Five Hong Kong funds recorded sales of Rmb4.1 billion and net inflows of Rmb3.9 billion in mainland in August, according to data from China's State Administration of Foreign Exchange. That represented around half the aggregate northbound sales of Rmb8.5 billion and half the aggregate net flows of Rmb7.8 billion in the first eight months of this year.
Sales in August tripled month-on-month to Rmb4.14 trillion from Rmb1.33 billion in July, while net inflows nearly quadrupled to Rmb3.95 billion from Rmb1.11 billion.
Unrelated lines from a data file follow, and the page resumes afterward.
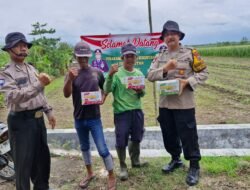 Polsek Balongbendo Serahkan Pupuk untuk Tanaman Jagung ke Masyarakat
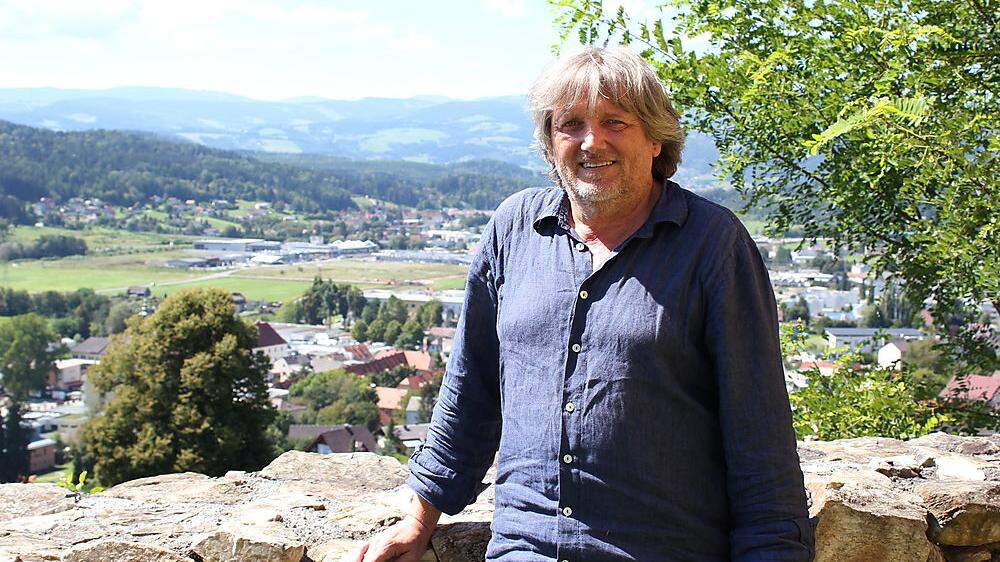 Gerhard Langmann blickt von der Burgruine Obervoitsberg auf das ÖDK-Areal hina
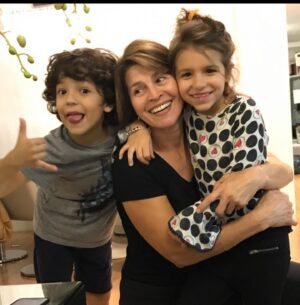 Maurício Rua Instagram - Parabéns pra essa vovó mais linda, mais sarada e mais dedicada aos filhos e netos.
Te amo mãe.
@clementinamilani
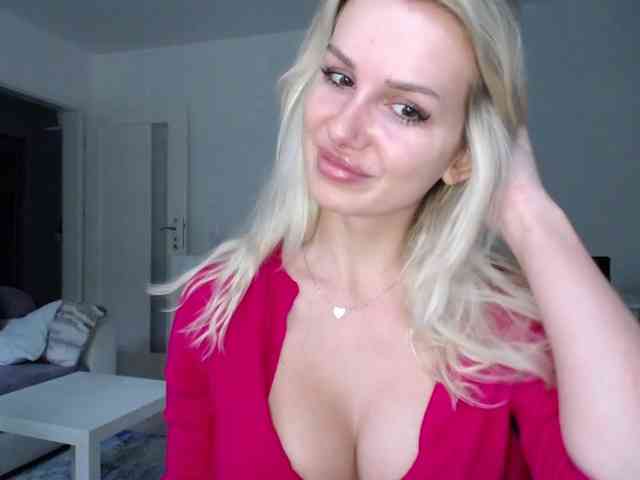 Cornelia22hot webcam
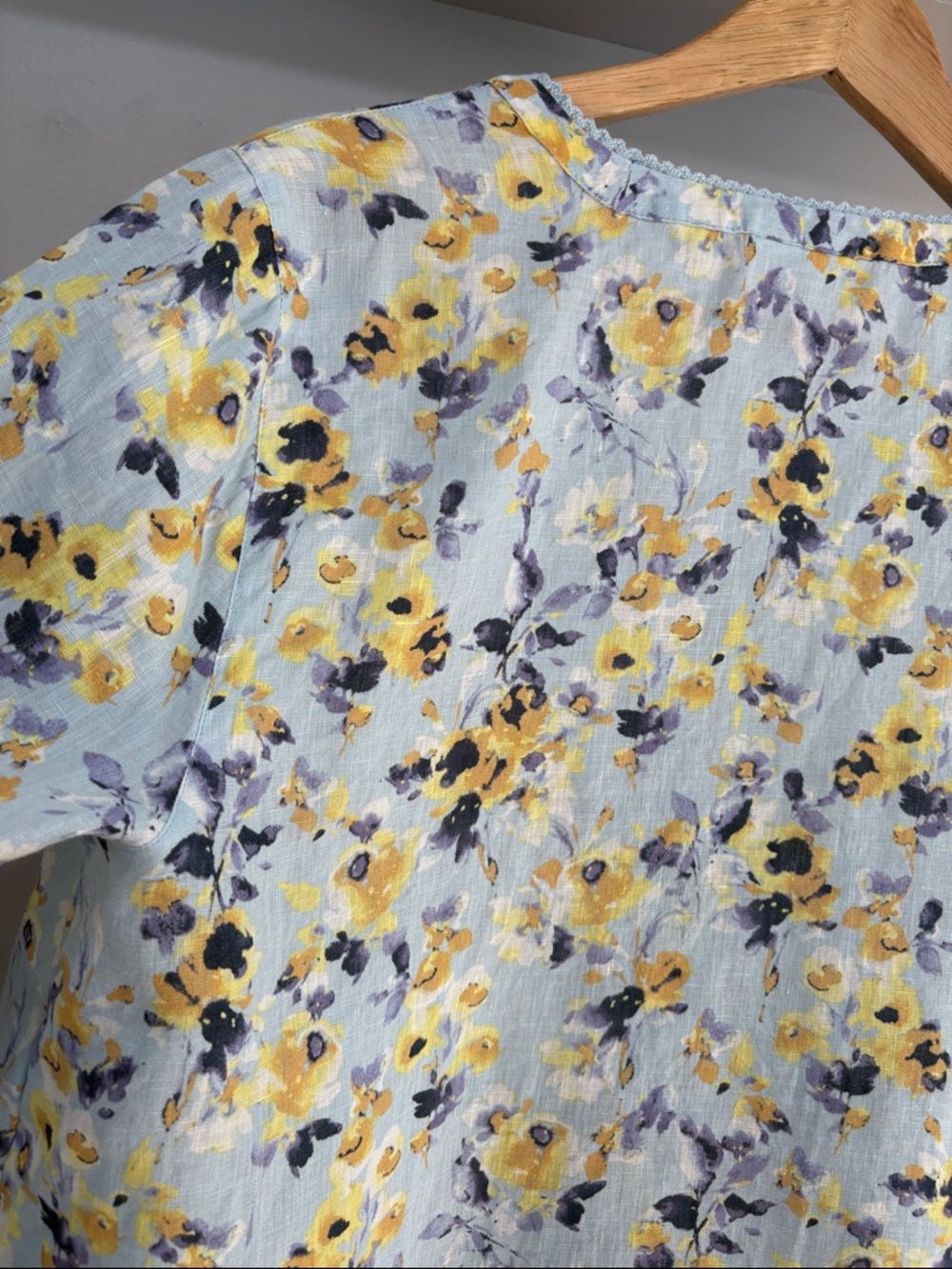 J. Jill Love Linen Floral Blouse, Size M - Picture 11 of 16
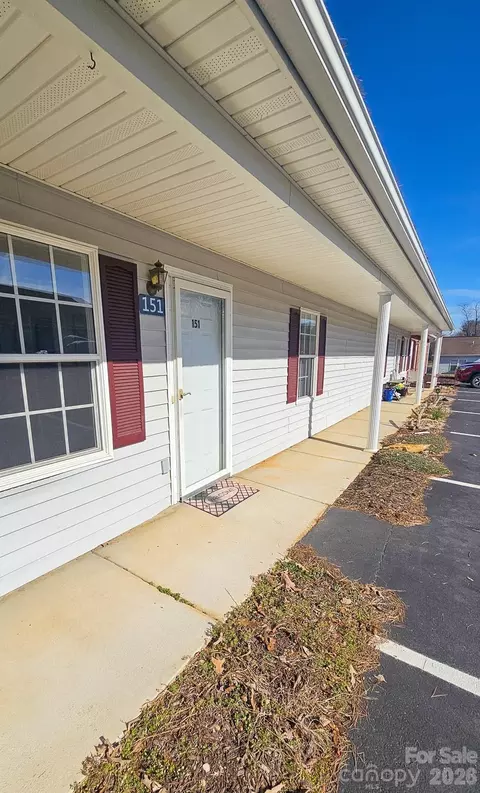 Exterior - 151 24th Nw St NW, Hickory, NC 28601 photo 2 of 5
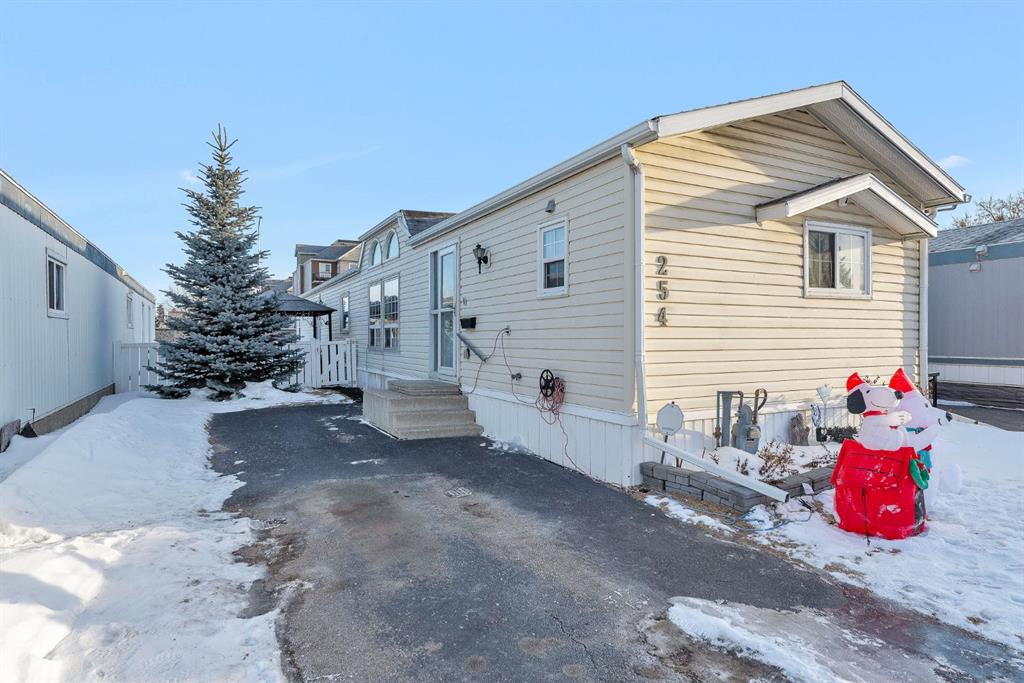 Picture for 254 Erin Woods Circle SE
MRF northbound sales figures (January to August) | ||||||||
---|---|---|---|---|---|---|---|---|
Aggregate sales (RMB bn) |
Single month sales (RMB bn) |
Aggregate inflows (RMB bn) |
Single month inflows (RMB bn) |
|||||
August | 8.48 | 4.14 | 7.83 | 3.95 | ||||
July | 4.34 | 1.33 | 3.88 | 1.11 | ||||
June | 3.01 | 0.79 | 2.77 | 0.70 | ||||
May | 2.21 | 0.77 | 2.07 | 0.71 | ||||
April | 1.45 | 0.70 | 1.36 | 0.64 | ||||
March | 0.74 | 0.54 | 0.72 | 0.52 | ||||
February | 0.20 | 0.16 | 0.20 | 0.16 | ||||
January | 0.04 | 0.04 | 0.04 | 0.04 |
Source: Safe
JPM AM’s two MRF funds posted gross sales of Rmb3.6 billion in August and total sales of Rmb7.6 billion since it entered the MRF in January, accounting for 90% of sales under the MRF northbound leg. The firm started to offer the Asian bond fund in January and Pacific securities fund in March.
Henry Tong, the firm’s head of China retail business, told AsianInvestor that the strong sales volume in August was encouraging, given that MRF was still a new scheme.
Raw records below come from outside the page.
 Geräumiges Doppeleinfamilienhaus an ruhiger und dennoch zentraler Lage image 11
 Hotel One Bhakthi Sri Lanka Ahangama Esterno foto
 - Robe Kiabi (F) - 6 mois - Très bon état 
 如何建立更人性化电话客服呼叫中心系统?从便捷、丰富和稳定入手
Indeed, the MRF sales in August were surprisingly high compared to flows into recently launched bond funds under the qualified domestic institutional investor (QDII) scheme, said Liu Shichen, an analyst at Shanghai-based Z-Ben Advisors.
Beijing-based China Asset Management and Shenzhen-based China Merchants Fund completed fundraising for two QDII bond funds in July and September, respectively. The former raised Rmb1.9 billion and the latter Rmb200 million, according to the China Securities Regulatory Commission.
Broader distribution
One driver of JPM AM’s strong sales was that it recently broadened its distribution network. The firm firstly partnered foreign banks’ mainland branches, then it starting working with local commercial banks. It also launched a monthly automatic investment plan through Ant Fortune in the second quarter. Ant Fortune is a mobile wealth management application owned by Ant Financial, the financial services arm of Chinese e-commerce giant Alibaba.
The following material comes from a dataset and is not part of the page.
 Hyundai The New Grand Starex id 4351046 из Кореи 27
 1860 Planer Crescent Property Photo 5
JPM AM now offers its MRF funds through 15 mainland distributors, including six local commercial banks, namely Bank of China, China Construction Bank, China Guangfa Bank, China Merchants Bank, Minsheng Bank and Ping An Bank.
“Local banks’ branch networks are huge,” said Tong. “They have knowledge about overseas products but they took time to observe our fund’s performance.” The Asian bond fund has returned 8% this year in renminbi terms, he noted.
Domestic investors are looking for stable returns amid declining yields from commercial banks’ popular wealth management products, Tong added.
While JPM AM’s Asian bond fund has dominated the fund scheme, the other two equity funds – Zeal AM’s voyage China fund and Hang Seng IM’s China H-share index fund – have seen minimal sales so far. Mainland retail investors have been cautious, as the two products launched earlier this year when A-shares were falling, Liu observed.
Overall, Chinese retail investor demand for overseas exposure has risen this year, as QDII funds’ AUM increased 31% to Rmb90.9 billion as of August, from Rmb66.3 billion at end-2015, according to the Asset Management Association of China. Meanwhile, Chinese fund firms have put restrictions on large-amount subscriptions to QDII funds since January, as reported.